Omit all pictures and transcribe only the lines in the entries below that run from the line with "Produktbild: Soziale Arbeit" through the line with "6.2 % 4.7 % 1.5% 3.1%".

******

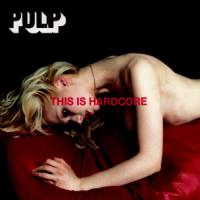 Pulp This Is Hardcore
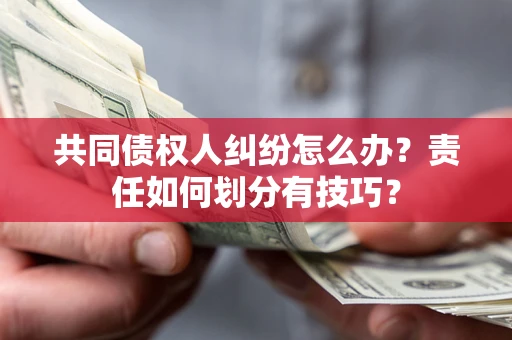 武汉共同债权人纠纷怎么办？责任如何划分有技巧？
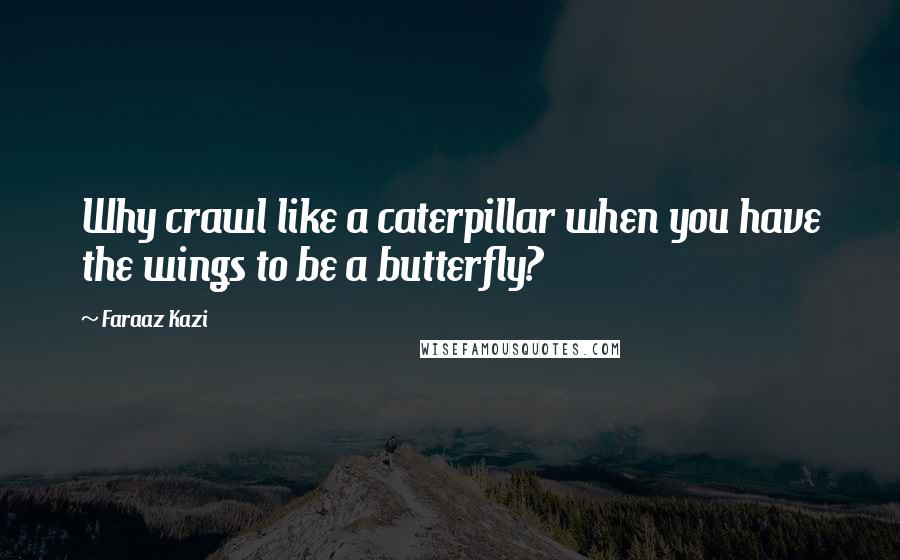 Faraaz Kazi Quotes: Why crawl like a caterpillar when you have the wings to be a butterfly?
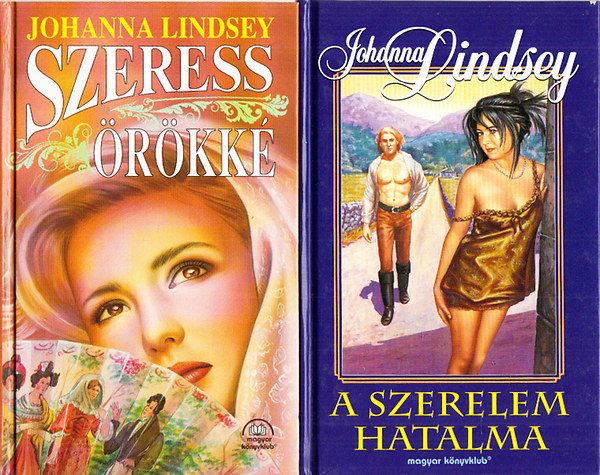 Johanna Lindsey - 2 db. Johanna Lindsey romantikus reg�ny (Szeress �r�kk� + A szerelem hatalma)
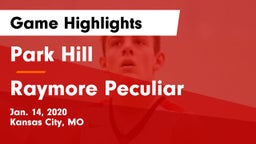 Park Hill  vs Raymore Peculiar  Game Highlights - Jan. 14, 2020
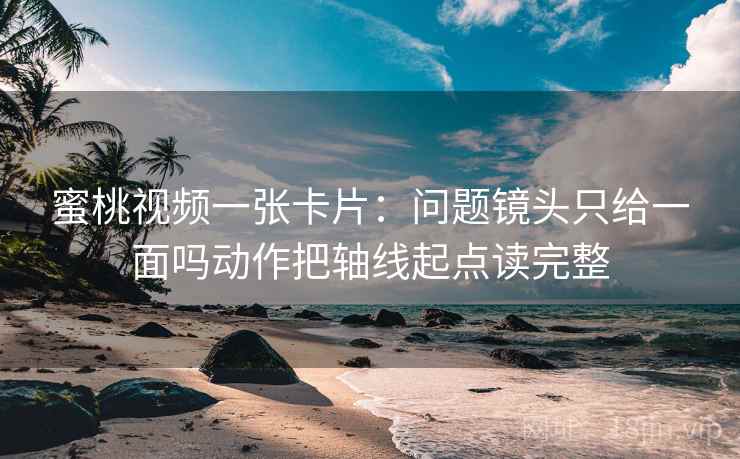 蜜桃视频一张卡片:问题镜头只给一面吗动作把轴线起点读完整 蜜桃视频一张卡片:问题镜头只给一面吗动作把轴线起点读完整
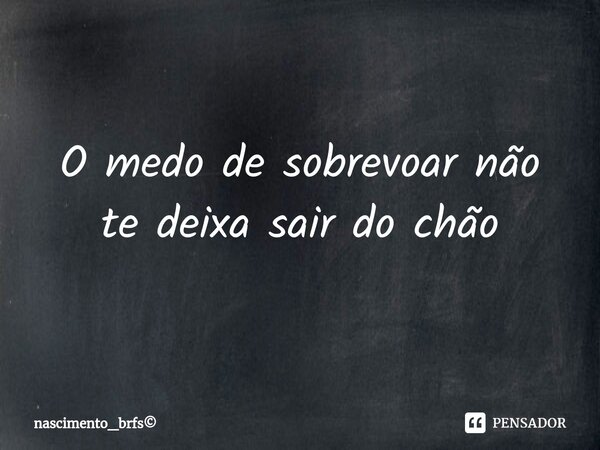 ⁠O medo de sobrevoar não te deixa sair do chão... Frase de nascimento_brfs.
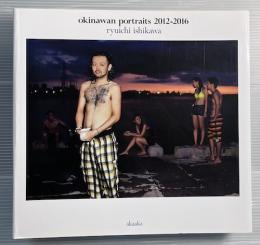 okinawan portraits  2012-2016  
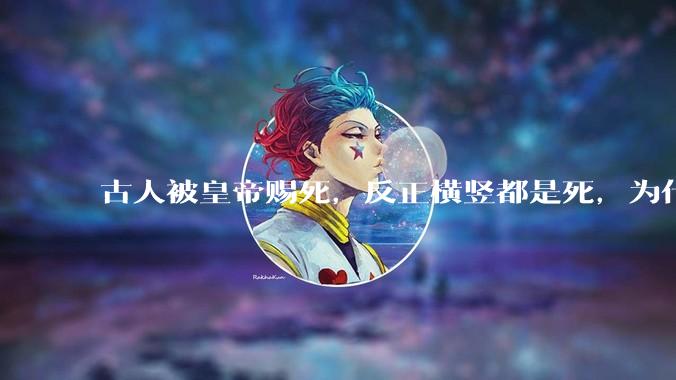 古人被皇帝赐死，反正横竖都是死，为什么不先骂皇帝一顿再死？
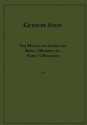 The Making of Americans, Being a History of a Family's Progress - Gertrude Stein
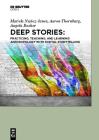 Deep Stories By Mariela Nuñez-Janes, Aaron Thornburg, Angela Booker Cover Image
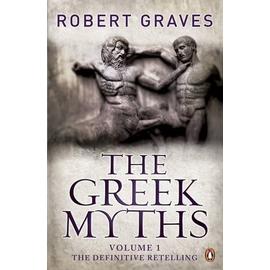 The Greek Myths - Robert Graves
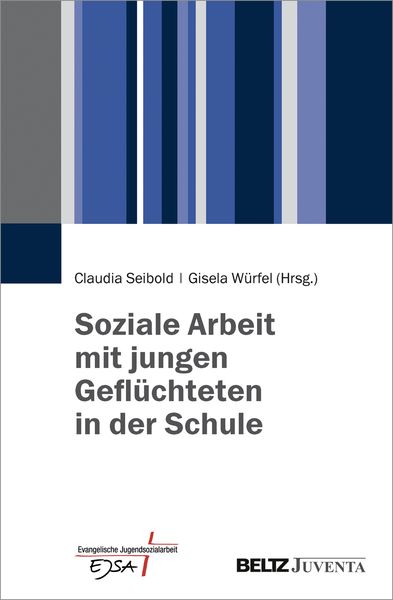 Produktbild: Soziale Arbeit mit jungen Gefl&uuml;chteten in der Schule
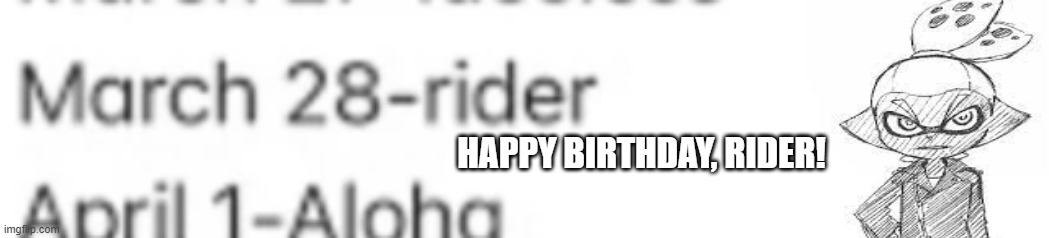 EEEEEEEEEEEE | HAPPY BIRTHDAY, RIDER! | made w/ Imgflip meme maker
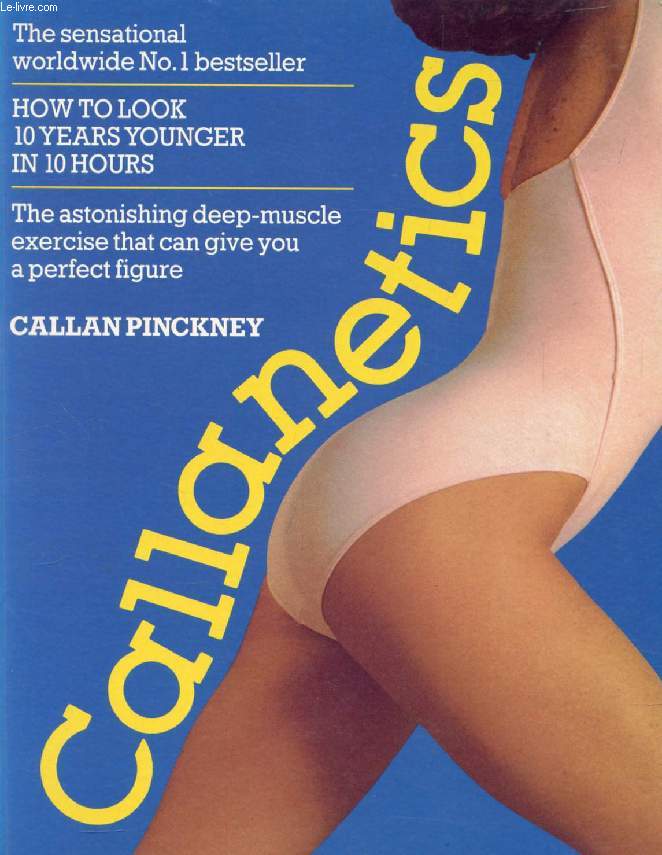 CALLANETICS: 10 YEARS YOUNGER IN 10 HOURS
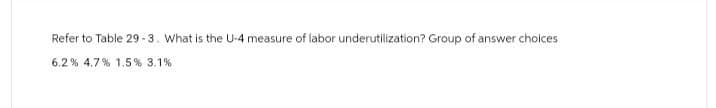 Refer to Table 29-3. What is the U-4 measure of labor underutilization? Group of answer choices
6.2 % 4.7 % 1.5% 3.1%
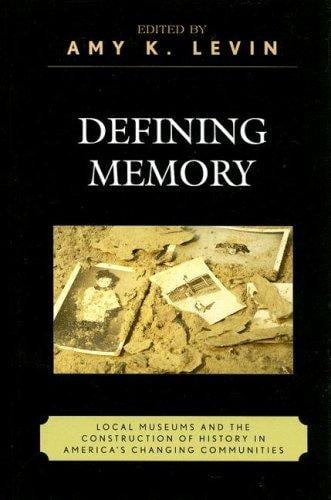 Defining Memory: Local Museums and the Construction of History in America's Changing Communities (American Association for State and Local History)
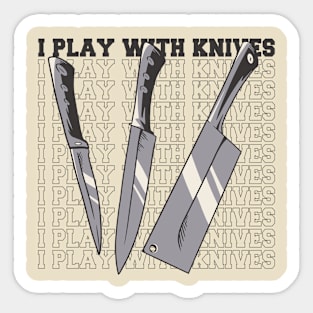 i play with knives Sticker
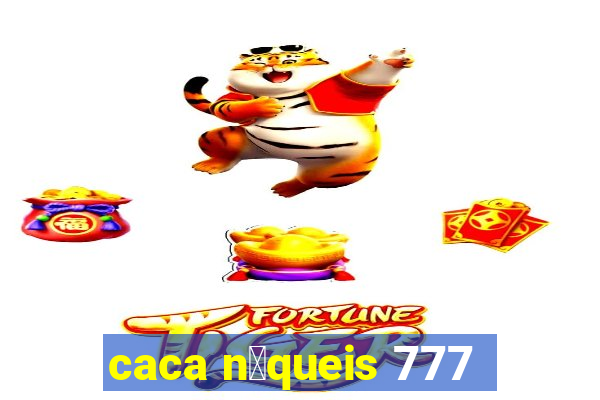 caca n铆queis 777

******

Finished task:
 Produktbild: Soziale Arbeit mit jungen Gefl&uuml;chteten in der Schule
 EEEEEEEEEEEE | HAPPY BIRTHDAY, RIDER! | made w/ Imgflip meme maker
 CALLANETICS: 10 YEARS YOUNGER IN 10 HOURS
 Refer to Table 29-3. What is the U-4 measure of labor underutilization? Group of answer choices
6.2 % 4.7 % 1.5% 3.1%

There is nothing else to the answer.